— Assignment —
Print out every record exactly as it appears.

-- Input follows --

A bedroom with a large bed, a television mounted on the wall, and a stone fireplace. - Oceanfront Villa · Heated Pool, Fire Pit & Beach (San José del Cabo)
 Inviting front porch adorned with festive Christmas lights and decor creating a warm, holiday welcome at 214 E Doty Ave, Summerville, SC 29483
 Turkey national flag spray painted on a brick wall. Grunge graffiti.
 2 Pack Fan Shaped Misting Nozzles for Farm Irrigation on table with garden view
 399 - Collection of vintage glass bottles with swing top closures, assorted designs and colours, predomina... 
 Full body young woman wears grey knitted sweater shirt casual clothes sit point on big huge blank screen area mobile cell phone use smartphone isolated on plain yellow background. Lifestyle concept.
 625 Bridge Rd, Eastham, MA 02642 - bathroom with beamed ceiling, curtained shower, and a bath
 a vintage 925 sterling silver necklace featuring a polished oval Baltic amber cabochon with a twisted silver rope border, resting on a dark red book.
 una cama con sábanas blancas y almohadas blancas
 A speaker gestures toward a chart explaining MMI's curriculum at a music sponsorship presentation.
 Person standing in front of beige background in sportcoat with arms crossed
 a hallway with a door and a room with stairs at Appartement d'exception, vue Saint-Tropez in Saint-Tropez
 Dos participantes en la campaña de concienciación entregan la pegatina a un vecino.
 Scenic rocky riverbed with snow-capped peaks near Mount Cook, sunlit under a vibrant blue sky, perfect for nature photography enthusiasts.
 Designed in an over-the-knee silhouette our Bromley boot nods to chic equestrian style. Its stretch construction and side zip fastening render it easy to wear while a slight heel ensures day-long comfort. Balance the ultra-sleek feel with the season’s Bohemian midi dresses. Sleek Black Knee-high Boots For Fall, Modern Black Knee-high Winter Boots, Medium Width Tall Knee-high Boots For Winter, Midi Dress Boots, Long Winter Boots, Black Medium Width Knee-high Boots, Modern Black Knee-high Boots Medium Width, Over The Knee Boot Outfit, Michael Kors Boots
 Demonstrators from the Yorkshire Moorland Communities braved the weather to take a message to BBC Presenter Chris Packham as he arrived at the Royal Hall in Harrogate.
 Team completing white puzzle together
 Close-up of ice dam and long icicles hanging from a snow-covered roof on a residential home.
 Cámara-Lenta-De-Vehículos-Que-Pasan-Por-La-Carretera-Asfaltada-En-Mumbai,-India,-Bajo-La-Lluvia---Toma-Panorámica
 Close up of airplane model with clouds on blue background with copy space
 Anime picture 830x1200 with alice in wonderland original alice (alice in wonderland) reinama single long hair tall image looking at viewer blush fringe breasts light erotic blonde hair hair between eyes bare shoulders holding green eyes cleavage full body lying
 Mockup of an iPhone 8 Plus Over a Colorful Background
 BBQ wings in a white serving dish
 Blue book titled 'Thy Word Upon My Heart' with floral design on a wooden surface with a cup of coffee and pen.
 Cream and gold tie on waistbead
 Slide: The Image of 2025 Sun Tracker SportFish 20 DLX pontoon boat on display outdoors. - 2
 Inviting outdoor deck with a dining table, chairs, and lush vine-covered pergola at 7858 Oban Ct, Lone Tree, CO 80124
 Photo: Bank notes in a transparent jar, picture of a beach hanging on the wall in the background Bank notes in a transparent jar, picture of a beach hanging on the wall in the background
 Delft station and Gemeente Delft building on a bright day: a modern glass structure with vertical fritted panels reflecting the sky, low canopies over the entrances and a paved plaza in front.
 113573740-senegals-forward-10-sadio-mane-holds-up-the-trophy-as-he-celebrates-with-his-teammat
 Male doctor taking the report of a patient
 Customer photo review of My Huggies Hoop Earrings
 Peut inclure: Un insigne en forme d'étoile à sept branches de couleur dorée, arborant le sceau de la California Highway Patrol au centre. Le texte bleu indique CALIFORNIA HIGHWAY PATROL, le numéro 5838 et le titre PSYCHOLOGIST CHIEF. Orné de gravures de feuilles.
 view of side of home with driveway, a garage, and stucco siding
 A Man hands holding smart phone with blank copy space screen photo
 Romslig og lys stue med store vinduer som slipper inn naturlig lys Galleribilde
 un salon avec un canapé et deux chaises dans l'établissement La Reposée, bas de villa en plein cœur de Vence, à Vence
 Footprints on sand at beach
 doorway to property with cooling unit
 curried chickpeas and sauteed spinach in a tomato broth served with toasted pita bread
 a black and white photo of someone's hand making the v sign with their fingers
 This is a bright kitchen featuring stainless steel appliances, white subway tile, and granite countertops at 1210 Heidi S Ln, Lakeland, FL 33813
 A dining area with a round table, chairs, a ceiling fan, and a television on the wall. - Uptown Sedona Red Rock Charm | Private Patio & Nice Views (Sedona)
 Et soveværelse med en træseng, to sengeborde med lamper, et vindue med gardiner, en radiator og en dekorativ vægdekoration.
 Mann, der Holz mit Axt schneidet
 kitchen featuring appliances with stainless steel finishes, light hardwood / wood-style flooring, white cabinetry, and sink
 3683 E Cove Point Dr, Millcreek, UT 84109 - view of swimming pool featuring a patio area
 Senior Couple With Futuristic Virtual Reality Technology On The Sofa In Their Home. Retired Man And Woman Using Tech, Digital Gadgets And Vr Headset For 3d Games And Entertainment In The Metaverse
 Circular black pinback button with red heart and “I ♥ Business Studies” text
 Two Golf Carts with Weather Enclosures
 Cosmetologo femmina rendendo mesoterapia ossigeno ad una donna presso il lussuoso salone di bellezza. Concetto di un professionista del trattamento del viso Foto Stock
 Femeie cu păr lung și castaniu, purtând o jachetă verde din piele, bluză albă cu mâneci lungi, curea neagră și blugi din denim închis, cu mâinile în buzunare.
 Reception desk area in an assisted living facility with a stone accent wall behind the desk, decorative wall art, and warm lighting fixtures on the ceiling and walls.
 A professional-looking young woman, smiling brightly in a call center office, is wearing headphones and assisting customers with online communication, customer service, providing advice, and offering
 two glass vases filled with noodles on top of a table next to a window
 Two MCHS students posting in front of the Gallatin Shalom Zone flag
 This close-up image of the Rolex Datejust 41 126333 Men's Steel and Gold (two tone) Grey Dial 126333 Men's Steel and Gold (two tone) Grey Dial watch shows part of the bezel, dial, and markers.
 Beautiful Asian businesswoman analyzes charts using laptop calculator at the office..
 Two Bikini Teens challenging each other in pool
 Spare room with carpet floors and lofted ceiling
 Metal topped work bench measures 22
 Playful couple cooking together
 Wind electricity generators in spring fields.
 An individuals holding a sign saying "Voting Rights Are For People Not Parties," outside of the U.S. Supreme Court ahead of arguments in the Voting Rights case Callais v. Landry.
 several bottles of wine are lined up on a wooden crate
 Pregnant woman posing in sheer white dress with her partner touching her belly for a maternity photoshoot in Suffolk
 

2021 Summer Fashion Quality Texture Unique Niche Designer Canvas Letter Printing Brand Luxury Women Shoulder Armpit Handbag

-- Input concluded --

— Task output —
A bedroom with a large bed, a television mounted on the wall, and a stone fireplace. - Oceanfront Villa · Heated Pool, Fire Pit & Beach (San José del Cabo)
 Inviting front porch adorned with festive Christmas lights and decor creating a warm, holiday welcome at 214 E Doty Ave, Summerville, SC 29483
 Turkey national flag spray painted on a brick wall. Grunge graffiti.
 2 Pack Fan Shaped Misting Nozzles for Farm Irrigation on table with garden view
 399 - Collection of vintage glass bottles with swing top closures, assorted designs and colours, predomina... 
 Full body young woman wears grey knitted sweater shirt casual clothes sit point on big huge blank screen area mobile cell phone use smartphone isolated on plain yellow background. Lifestyle concept.
 625 Bridge Rd, Eastham, MA 02642 - bathroom with beamed ceiling, curtained shower, and a bath
 a vintage 925 sterling silver necklace featuring a polished oval Baltic amber cabochon with a twisted silver rope border, resting on a dark red book.
 una cama con sábanas blancas y almohadas blancas
 A speaker gestures toward a chart explaining MMI's curriculum at a music sponsorship presentation.
 Person standing in front of beige background in sportcoat with arms crossed
 a hallway with a door and a room with stairs at Appartement d'exception, vue Saint-Tropez in Saint-Tropez
 Dos participantes en la campaña de concienciación entregan la pegatina a un vecino.
 Scenic rocky riverbed with snow-capped peaks near Mount Cook, sunlit under a vibrant blue sky, perfect for nature photography enthusiasts.
 Designed in an over-the-knee silhouette our Bromley boot nods to chic equestrian style. Its stretch construction and side zip fastening render it easy to wear while a slight heel ensures day-long comfort. Balance the ultra-sleek feel with the season’s Bohemian midi dresses. Sleek Black Knee-high Boots For Fall, Modern Black Knee-high Winter Boots, Medium Width Tall Knee-high Boots For Winter, Midi Dress Boots, Long Winter Boots, Black Medium Width Knee-high Boots, Modern Black Knee-high Boots Medium Width, Over The Knee Boot Outfit, Michael Kors Boots
 Demonstrators from the Yorkshire Moorland Communities braved the weather to take a message to BBC Presenter Chris Packham as he arrived at the Royal Hall in Harrogate.
 Team completing white puzzle together
 Close-up of ice dam and long icicles hanging from a snow-covered roof on a residential home.
 Cámara-Lenta-De-Vehículos-Que-Pasan-Por-La-Carretera-Asfaltada-En-Mumbai,-India,-Bajo-La-Lluvia---Toma-Panorámica
 Close up of airplane model with clouds on blue background with copy space
 Anime picture 830x1200 with alice in wonderland original alice (alice in wonderland) reinama single long hair tall image looking at viewer blush fringe breasts light erotic blonde hair hair between eyes bare shoulders holding green eyes cleavage full body lying
 Mockup of an iPhone 8 Plus Over a Colorful Background
 BBQ wings in a white serving dish
 Blue book titled 'Thy Word Upon My Heart' with floral design on a wooden surface with a cup of coffee and pen.
 Cream and gold tie on waistbead
 Slide: The Image of 2025 Sun Tracker SportFish 20 DLX pontoon boat on display outdoors. - 2
 Inviting outdoor deck with a dining table, chairs, and lush vine-covered pergola at 7858 Oban Ct, Lone Tree, CO 80124
 Photo: Bank notes in a transparent jar, picture of a beach hanging on the wall in the background Bank notes in a transparent jar, picture of a beach hanging on the wall in the background
 Delft station and Gemeente Delft building on a bright day: a modern glass structure with vertical fritted panels reflecting the sky, low canopies over the entrances and a paved plaza in front.
 113573740-senegals-forward-10-sadio-mane-holds-up-the-trophy-as-he-celebrates-with-his-teammat
 Male doctor taking the report of a patient
 Customer photo review of My Huggies Hoop Earrings
 Peut inclure: Un insigne en forme d'étoile à sept branches de couleur dorée, arborant le sceau de la California Highway Patrol au centre. Le texte bleu indique CALIFORNIA HIGHWAY PATROL, le numéro 5838 et le titre PSYCHOLOGIST CHIEF. Orné de gravures de feuilles.
 view of side of home with driveway, a garage, and stucco siding
 A Man hands holding smart phone with blank copy space screen photo
 Romslig og lys stue med store vinduer som slipper inn naturlig lys Galleribilde
 un salon avec un canapé et deux chaises dans l'établissement La Reposée, bas de villa en plein cœur de Vence, à Vence
 Footprints on sand at beach
 doorway to property with cooling unit
 curried chickpeas and sauteed spinach in a tomato broth served with toasted pita bread
 a black and white photo of someone's hand making the v sign with their fingers
 This is a bright kitchen featuring stainless steel appliances, white subway tile, and granite countertops at 1210 Heidi S Ln, Lakeland, FL 33813
 A dining area with a round table, chairs, a ceiling fan, and a television on the wall. - Uptown Sedona Red Rock Charm | Private Patio & Nice Views (Sedona)
 Et soveværelse med en træseng, to sengeborde med lamper, et vindue med gardiner, en radiator og en dekorativ vægdekoration.
 Mann, der Holz mit Axt schneidet
 kitchen featuring appliances with stainless steel finishes, light hardwood / wood-style flooring, white cabinetry, and sink
 3683 E Cove Point Dr, Millcreek, UT 84109 - view of swimming pool featuring a patio area
 Senior Couple With Futuristic Virtual Reality Technology On The Sofa In Their Home. Retired Man And Woman Using Tech, Digital Gadgets And Vr Headset For 3d Games And Entertainment In The Metaverse
 Circular black pinback button with red heart and “I ♥ Business Studies” text
 Two Golf Carts with Weather Enclosures
 Cosmetologo femmina rendendo mesoterapia ossigeno ad una donna presso il lussuoso salone di bellezza. Concetto di un professionista del trattamento del viso Foto Stock
 Femeie cu păr lung și castaniu, purtând o jachetă verde din piele, bluză albă cu mâneci lungi, curea neagră și blugi din denim închis, cu mâinile în buzunare.
 Reception desk area in an assisted living facility with a stone accent wall behind the desk, decorative wall art, and warm lighting fixtures on the ceiling and walls.
 A professional-looking young woman, smiling brightly in a call center office, is wearing headphones and assisting customers with online communication, customer service, providing advice, and offering
 two glass vases filled with noodles on top of a table next to a window
 Two MCHS students posting in front of the Gallatin Shalom Zone flag
 This close-up image of the Rolex Datejust 41 126333 Men's Steel and Gold (two tone) Grey Dial 126333 Men's Steel and Gold (two tone) Grey Dial watch shows part of the bezel, dial, and markers.
 Beautiful Asian businesswoman analyzes charts using laptop calculator at the office..
 Two Bikini Teens challenging each other in pool
 Spare room with carpet floors and lofted ceiling
 Metal topped work bench measures 22
 Playful couple cooking together
 Wind electricity generators in spring fields.
 An individuals holding a sign saying "Voting Rights Are For People Not Parties," outside of the U.S. Supreme Court ahead of arguments in the Voting Rights case Callais v. Landry.
 several bottles of wine are lined up on a wooden crate
 Pregnant woman posing in sheer white dress with her partner touching her belly for a maternity photoshoot in Suffolk
 

2021 Summer Fashion Quality Texture Unique Niche Designer Canvas Letter Printing Brand Luxury Women Shoulder Armpit Handbag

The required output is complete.